Nearest Support Levels:
  • S1 – 1.1536
  • S2 – 1.1475
  • S3 – 1.1414
Nearest Resistance Levels:
  • R1 – 1.1597
  • R2 – 1.1658
  • R3 – 1.1719

Trading Recommendations:

The EUR/USD pair has once again settled above the moving average, with an upward trend continuing across all higher timeframes, while a flat trend has persisted on the daily timeframe for several months. The global fundamental background continues to exert a strong influence on the U.S. dollar. Recently, the dollar has shown growth, but the reasons for this movement may be purely technical. If the price is positioned below the moving average, small short positions can be considered with targets at 1.1475 and 1.1414 based solely on technical factors. Above the moving average line, long positions remain relevant, aiming for 1.1800 (the upper line of the flat trend on the daily timeframe).

Explanations for Illustrations:

  • Linear regression channels help determine the current trend.
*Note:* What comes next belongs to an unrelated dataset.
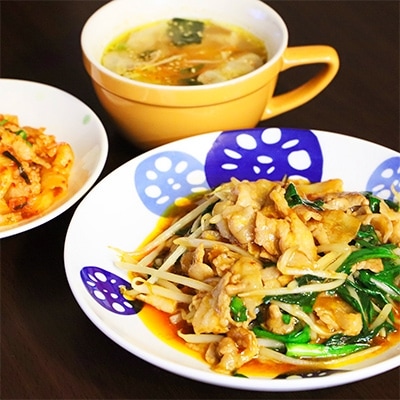 【唐津市産】和豚(もちぶた)スライスセット(ロース生姜焼き400g・バラスライス400g)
If both are directed in the same way, it indicates that the trend is currently strong.
  • The moving average line (settings 20,0, smoothed) defines the short-term trend and the direction in which trading should currently be conducted.
  • Murray levels are target levels for movements and corrections.
  • Volatility levels (red lines) represent the likely price channel in which the pair will spend the following days, based on current volatility indicators.
  • The CCI indicator entering the oversold territory (below -250) or overbought territory (above +250) indicates that a trend reversal in the opposite direction is approaching.